What you return must match the data below exactly, minus any pictures.

## Raw data
************

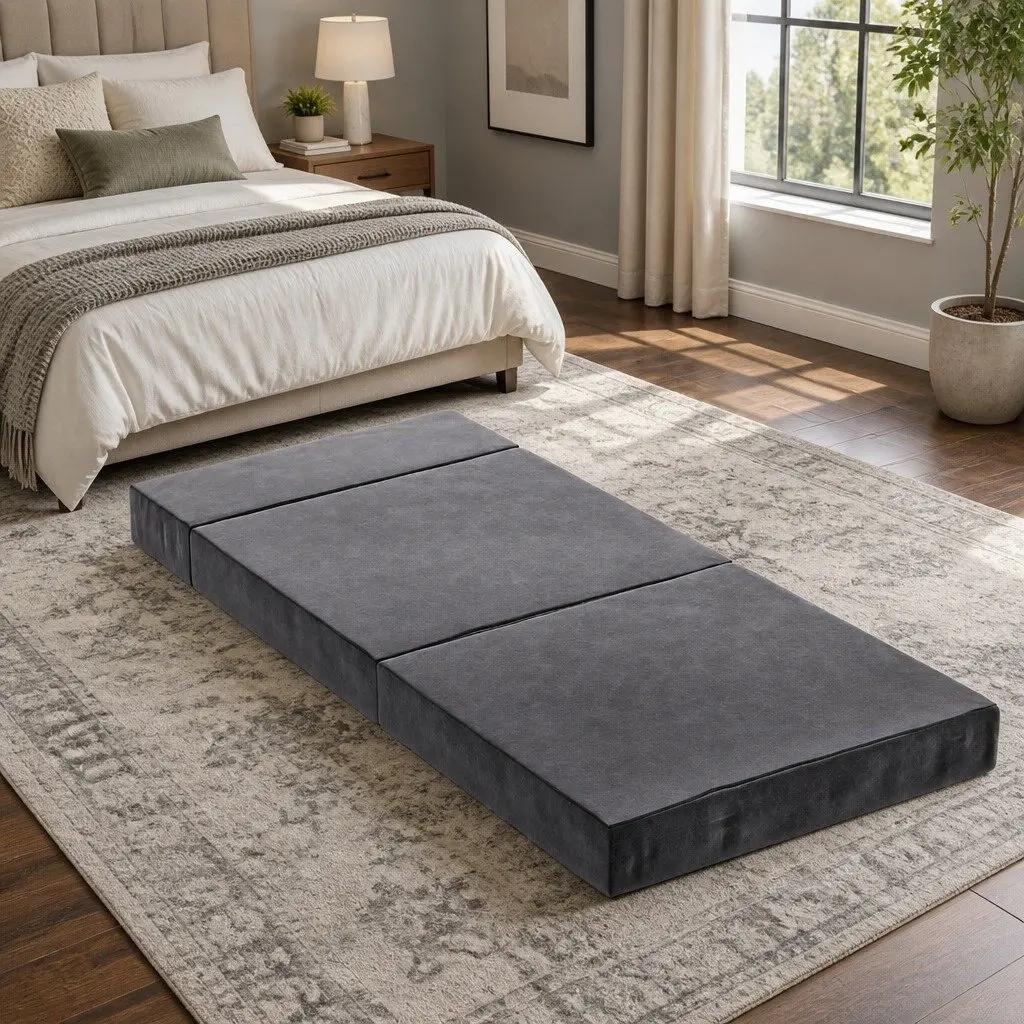 Foldable Foam Mattress Single Bed Chair Grey Velvet Soft Removable Cover Storage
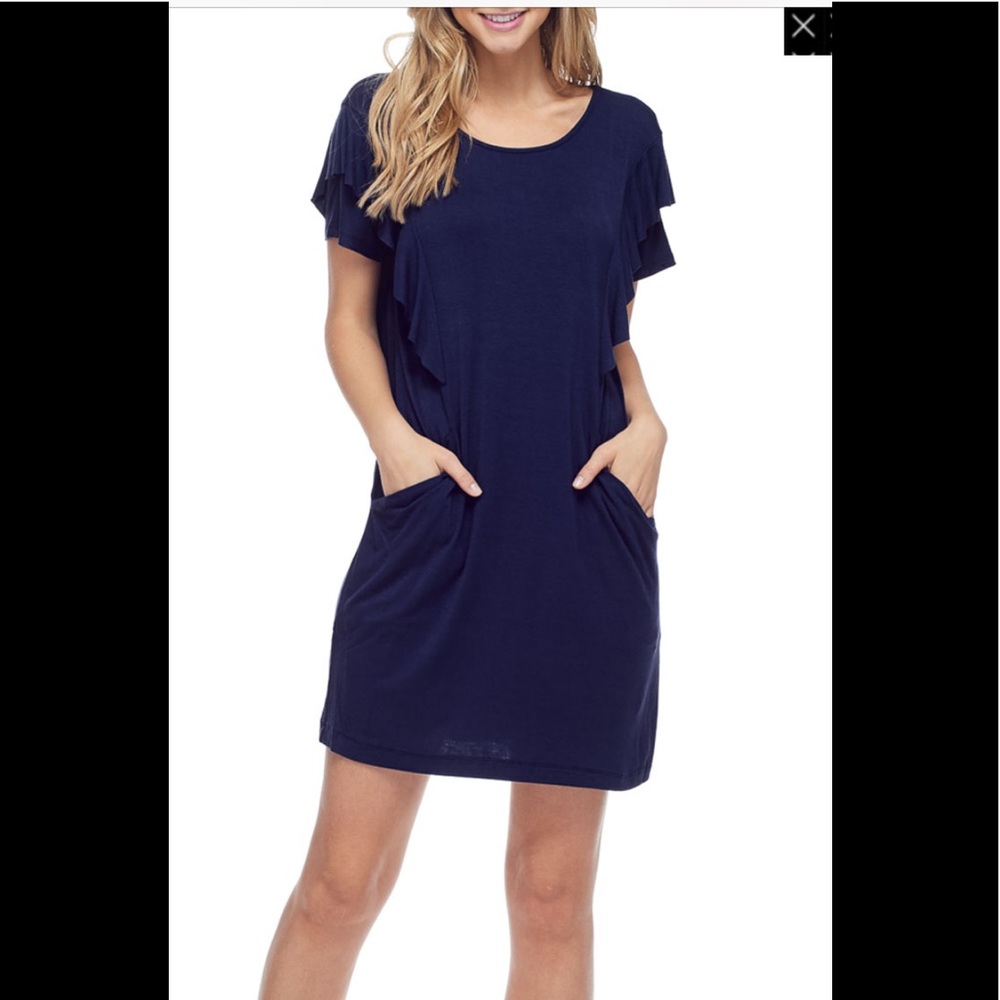 Knit Ruffle-Sleeve Shift Dress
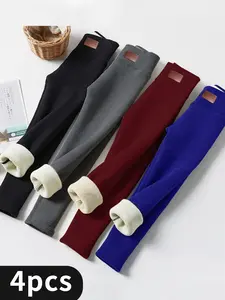 Women's Solid/Letter Embroidery Pocket Sports Leggings, Thermal Lined High Waist Skinny Pants, Ladies Warm Sportswear for Yoga Gym Workout, Tummy Control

************

## Finished task
 Foldable Foam Mattress Single Bed Chair Grey Velvet Soft Removable Cover Storage
 Knit Ruffle-Sleeve Shift Dress
 Women's Solid/Letter Embroidery Pocket Sports Leggings, Thermal Lined High Waist Skinny Pants, Ladies Warm Sportswear for Yoga Gym Workout, Tummy Control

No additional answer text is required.